The Black Ant

Photograph by Dina Litovsky for The New Yorker
Photograph by Dina Litovsky for The New Yorker

This summer, Twitter was set ablaze by a controversial recipe for guacamole that called for green peas. At the Black Ant, in the East Village, the house guacamole varies; it has been studded with garbanzo beans, fried corn, orange slices, jicama, radishes, and even cheese. But it is always finished with ants. The garnish, to be precise, is sal de hormiga, or salt with ground-up chicatanas—large, winged leaf-cutter ants, harvested once a year, in the Mexican region of Oaxaca. The ants taste somewhere between nutty and buttery, with a chemical tang, and lend the salt a bit of umami. There are no peas in sight at the Black Ant, where unusual ingredients are esteemed and insects are the crown jewels.

Unless you know the Spanish word chapulín, you may not realize that the shrimp tacos are battered and fried in a crust of grasshoppers, creating a deliciously recursive arthropod. On the tlayuda, a crispy corn tortilla topped, like a small pizza, with black beans and soft cheese, the sautéed grasshoppers come whole and taste exquisitely of chili and lime. Pluck one from its lily pad of avocado cream, pop it in your mouth, and don’t forget to chew, lest any legs stick in your throat.

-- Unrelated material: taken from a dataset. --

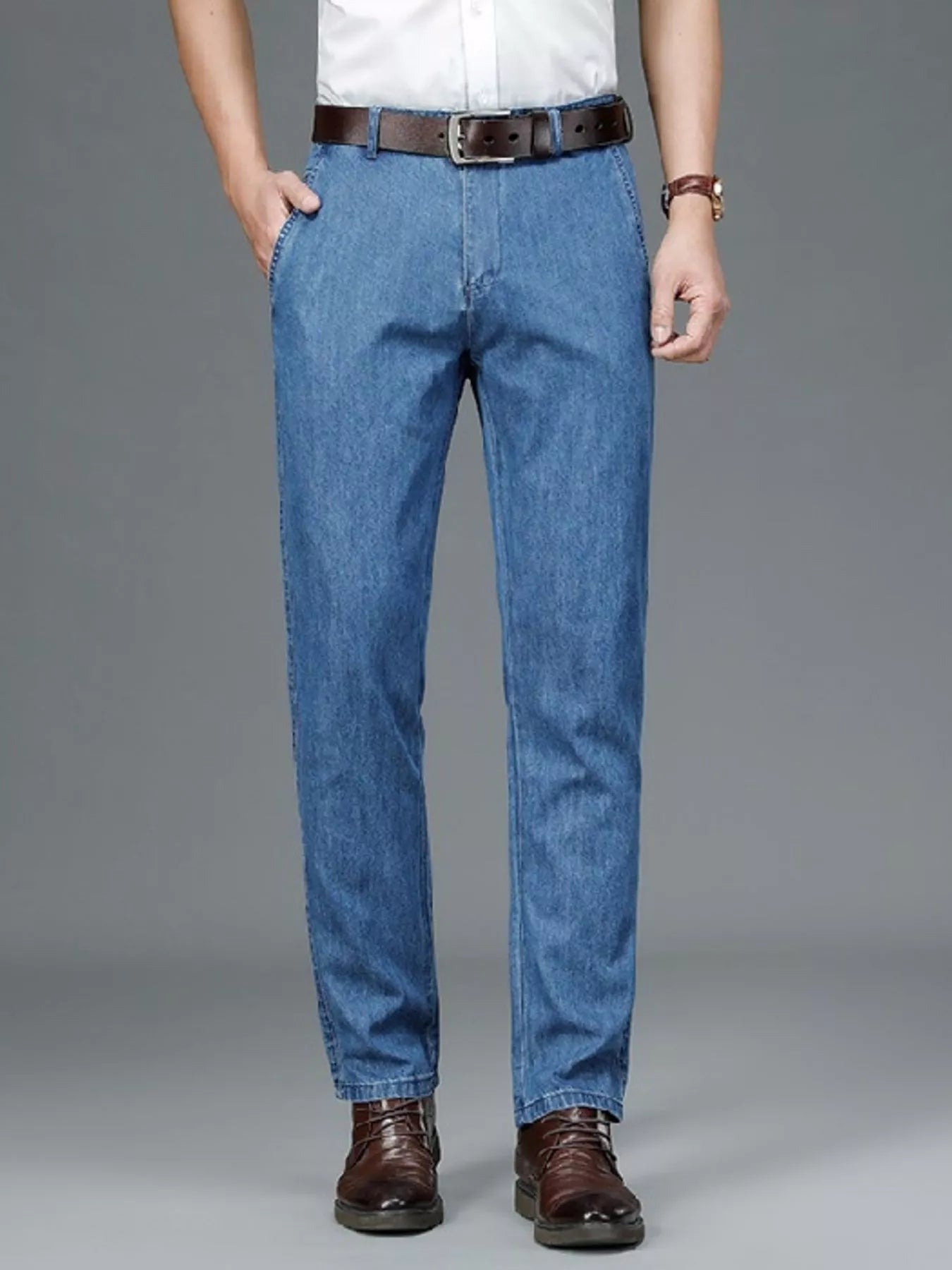 Men's Straight Leg Jeans - Tigbul's Variety Fashion Shop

You might have to Google some Nahuatl words to navigate the menu, but the more unusual the dish, the better. If it sounds familiar—like beet salad or miso black cod—you can probably skip it. One evening, a salad arrived with a pile of lettuce leaves, soupy with too-sweet dressing, very few beets, and two dollops of mysteriously tangless whipped goat cheese. An exception to this rule is the short rib, which swims in mole chichilo, a unique execution of the complex, earthy sauce that, unlike a more common mole negro, does not include chocolate but instead relies on blackened dried chilis for a rich, complex char.

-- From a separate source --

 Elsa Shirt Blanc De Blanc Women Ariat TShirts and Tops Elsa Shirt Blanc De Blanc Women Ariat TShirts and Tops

Mole, insects, and corn are all Oaxacan staples, and the abstract-expressionist streaks and dots of sauce on the plates here are mere diversions from what is really a loving homage to that Mecca of Mexican cuisine. On its Web site, the restaurant seems to delight in the cross-cultural gross-out potential, and leans a little too heavily on Surrealist signposts like Dali and Buñuel, with a nice nod to the former’s repulsive ants. The result is a bit of a mixed message: with the exception of a giant multicolored ant painted on the back wall of the dining room, the bugs at the Black Ant are nothing to be afraid of. ♦

Open weekdays for dinner and weekends for brunch and dinner. Entrées $19-$26.